Archive for April 17th, 2014

17
Apr
14

Lent (Day 38) — Jimmy Breslin, “The Church that Forgot Christ”

On p. 153, Jimmy Breslin quotes his wife, Ronnie Eldridge, a New York politician, and Jewish, after pointing out the Catholic (esp. Irish Catholic) obsession with the Jews as some dark force subverting everyone else, and taking control of medicine and finance.  This is a position which Breslin refutes, suggesting that he’d like to slap some Irish Catholics around to snap them out of their fixation.  

Eldridge’s quote: “Religions were conceived to ensure an orderly society.  They are pure fantasy developed to explain the origins of humanity and provide hope for a future.  Your Catholic Church and philosophers brilliantly conceived the ultimate threat of hell.  What better way to ensure obedience than to threaten people with the ultimate threat of hell.”

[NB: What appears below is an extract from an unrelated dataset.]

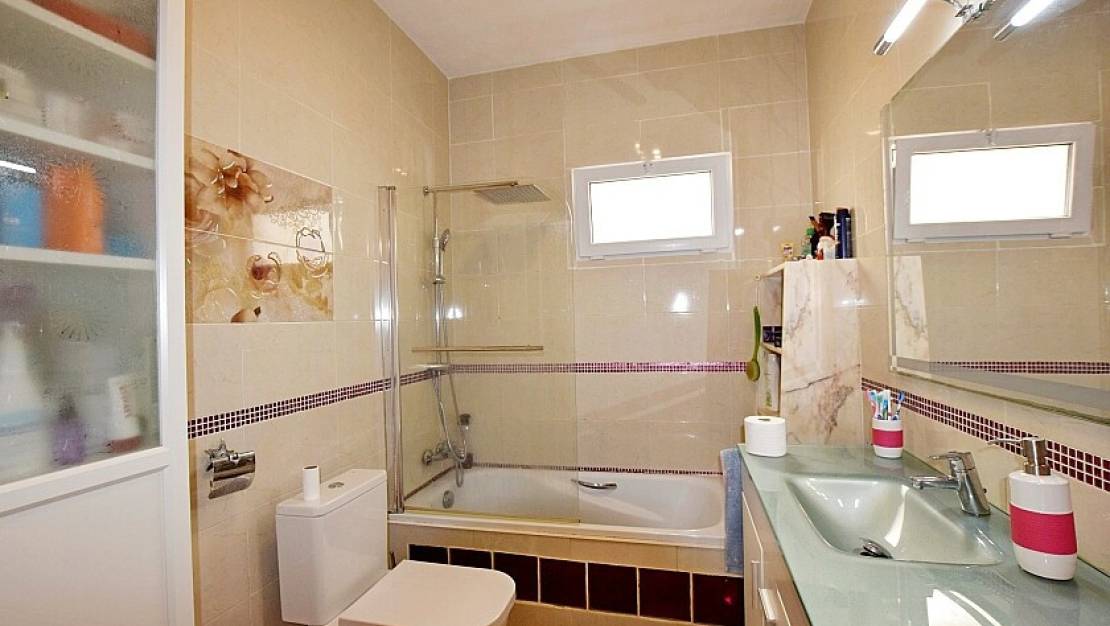 Venta - Town House - Orihuela - Cabo Roig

I’m not sure that I agree with Eldridge entirely.  I think that religion does serve as a means of control, and certain people and institutions use the threat of eternal damnation as a means of  keeping people in line and to intimidate others.  Even for those who believe in hell or other form of post mortem punishment, I’m not sure the threat aspect always works — e.g. Dante, who seems to have believed in Heaven, Hell and Purgatory, does not endorse the idea that those whom the Church condemns as going  to hell, actually end up there, while popes and other church leaders, who were not so condemned during their lives, do end up there.  Even assuming there is a place of punishment, the Church has no power to determine who will end up there.  What the Church does have, and certainly did when I was a kid in Irish Catholic Dorchester, is to declare someone persona non grata, so that the person is shunned by the community.  That is a mighty power to have.  But even outside of a Church community we can isolate or label someone who doesn’t “fit in.”  

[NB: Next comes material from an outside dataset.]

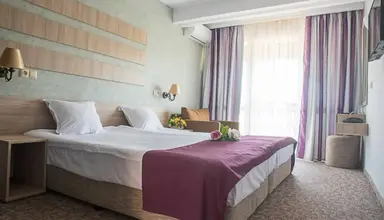 Imperial Resort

And that not fitting in, but sticking out, that’s pretty scary.  That intimidation has been used for groups that have been marginalized for millenia.  One of the things I don’t fully get is what the tipping point is — for some people known to have done wrong are lionized in the press, or on the Internet, and come away with reputation intact, while others are demonized and their reputation is in tatters.  Chris Christie seemed unstoppable at the end of last year, but with the Bridge scandal and other things now being reported more widely, his reputation is now tanking, and he seems stalled, if not stopped.  Certainly public opinion has changed for Christie, but what was the turning point, and who is responsible?  I’m not sure that any one person is responsible.  The Greeks would look to chance or fortune which would change, so that a powerful individual would reach a peak of some sort and then fall.  And that force seemed somewhat impersonal, and something that might or might not hit, and when it hit, it might or might not be deserved.  In the case of the sex abuse scandals in the Catholic Church — that stuff had been going on forever, and people knew about it at some level.  The reputation of the Church gave priests and other church officials the benefit of the doubt, which gave them cover, publicly, for a while.  And that was wrong, but was the way things were.  And now, when every priest is viewed with suspicion, we have a situation that may also be wrong (in that the assumption of guilt is there, even if undeserved).  For Breslin, once the veneer of respectability and near-infallibility began to wear off, it had a ripple effect.  If a lot of what he had been taught was not TRUE in some big way, there seemed no reason to believe in a lot of what the Catholic Church preached.  And I think that Breslin wanted to hold on to some of those beliefs, and a belief in the Church, which seems to be why he’s wrestling with all of this throughout the book.